(REQUIREMENT): Pictures aside, repeat every entry exactly.

(SUPPLIED MATERIAL):
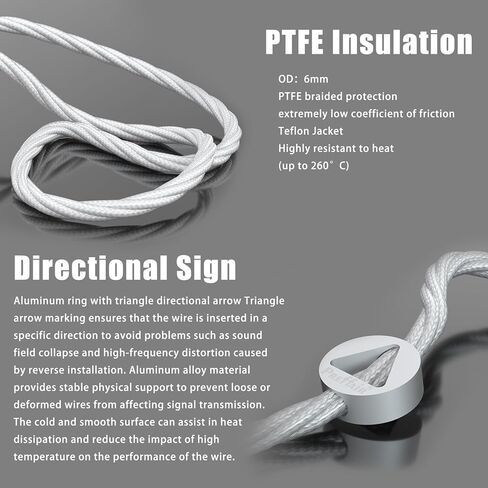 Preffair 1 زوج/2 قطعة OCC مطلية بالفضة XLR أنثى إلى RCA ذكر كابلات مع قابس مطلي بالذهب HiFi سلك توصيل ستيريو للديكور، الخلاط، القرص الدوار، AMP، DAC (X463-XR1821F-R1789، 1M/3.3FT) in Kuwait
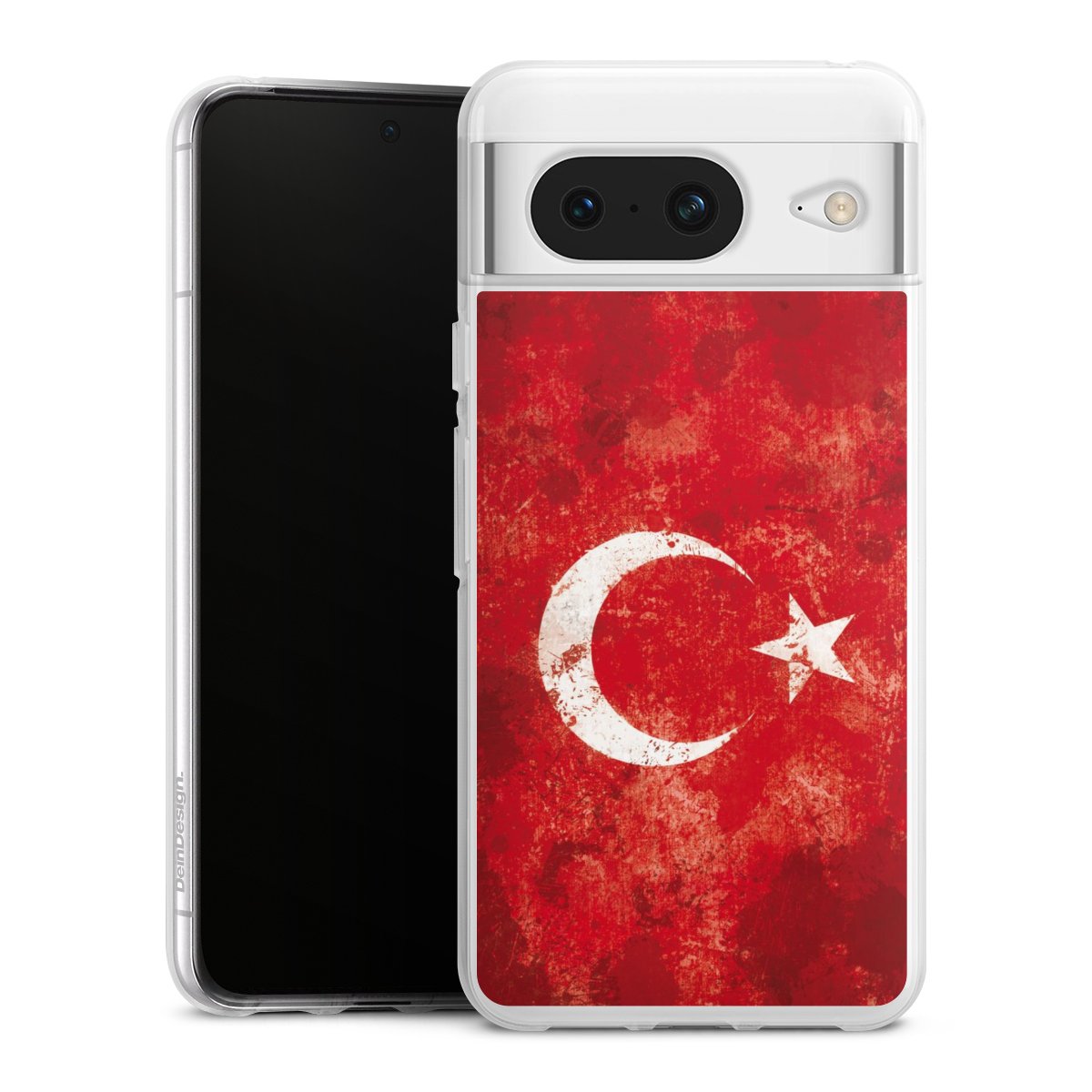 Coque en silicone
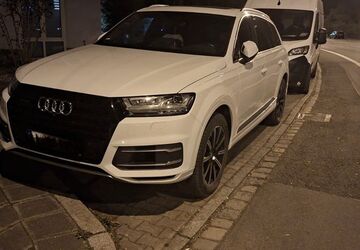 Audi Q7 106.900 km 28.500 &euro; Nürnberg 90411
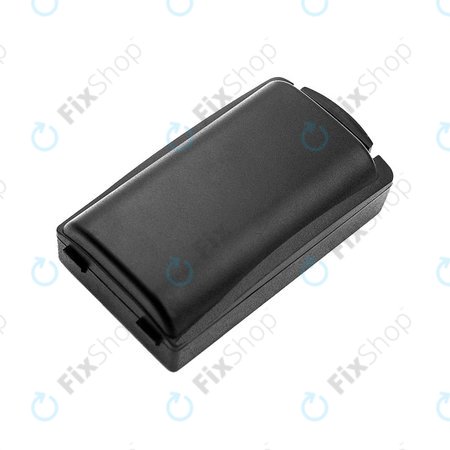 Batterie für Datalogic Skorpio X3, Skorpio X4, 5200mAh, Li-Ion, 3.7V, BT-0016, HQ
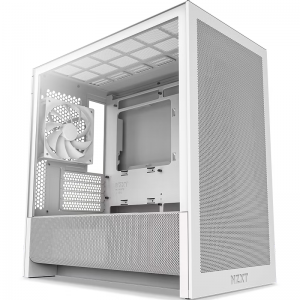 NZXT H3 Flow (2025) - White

(RESULT OF THE TASK):
 Preffair 1 زوج/2 قطعة OCC مطلية بالفضة XLR أنثى إلى RCA ذكر كابلات مع قابس مطلي بالذهب HiFi سلك توصيل ستيريو للديكور، الخلاط، القرص الدوار، AMP، DAC (X463-XR1821F-R1789، 1M/3.3FT) in Kuwait
 Coque en silicone
 Audi Q7 106.900 km 28.500 &euro; Nürnberg 90411
 Batterie für Datalogic Skorpio X3, Skorpio X4, 5200mAh, Li-Ion, 3.7V, BT-0016, HQ
 NZXT H3 Flow (2025) - White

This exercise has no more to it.